Our crew consisted of my sister, her daughter and her best friend as well as a close online friend and my oldest son and me. This is essentially our gaming “crew” as well. We had planned this trip months in advance and looked forward to it.
I think that what you get out of the experience depends greatly on what you are expecting. This is true in most cases and is the subject of my next post, but in this case, I believe that we did not have any specific expectations and therefore were not disappointed. That is not to say however, that the event was what I thought it would be. Comicon has a large open floor area as well as special panels and various side rooms where scheduled events occur. We were there for the floor experience. In my mind, Comicon is a bit like Burning Man, with unbelievably well-made costumes with an almost anarchistic bent. In actuality, a bit yes and a bit no. Costumed attendees are everywhere and in many cases the costumes are very impressive in terms of workmanship and detail but also in the wearer’s ability to embody what often is an exaggerated physique. Not all can make that claim unfortunately. The best image to explain Comicon is one in which a costumed attendee is taking a photo of another costumed attendee. This is a very common thing to see here.

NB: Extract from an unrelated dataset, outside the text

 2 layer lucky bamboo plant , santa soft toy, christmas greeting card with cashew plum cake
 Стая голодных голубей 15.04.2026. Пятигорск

The overall feeling of openness and inclusiveness is refreshing and almost makes fighting the crowds fun. The presence of large game and other software developers or even toy and accessory manufacturers was limited. There were many third party distributors of toys, clothing, accessories and various specialty items. If you like comic, Sci-fi and game related titles and characters, this is the place for you. I saw many items for sale that I have never seen anywhere else. Some collector’s items, others just fun trinkets.
Being there with family and friends definitely added to the experience and the difference in ages and perspectives also made for a wide variety of interests. None of us are very into comic books but all are avid gamers. We also like the same games and characters, many of whom were represented both as items for purchase as well as live in costume. Our favorites included various miniatures, weapons and items of clothing from Borderlands, Plants Vs Zombies and Minecraft. We purchased a few Borderlands related t-shirts from Glitch as well as a plush CL4P-TP (Clap Trap) that says twenty different phrases and from a different vendor, a plush turret from Portal 2 that not only also speaks, it is touch sensitive and says different things when “killed.”
Perhaps the biggest surprise is that Comicon, unlike other shows of its kind, is not primarily represented by the creators of the various entities, but by third-party vendors. Very few game, film or television developers were present. Instead, a wide variety of companies and vendors promoting and selling items related to the characters, shows and games filled the aisles. But most all it seems that Comicon is about the fans and their identification with the characters. On the way out we ran into a couple that had come with their own life-size CL4P-TP. Made of cardboard and built atop a RC car, it was mobile and surprisingly stable. Best of all it completely captured the essence of the event – creativity, individualism and fun.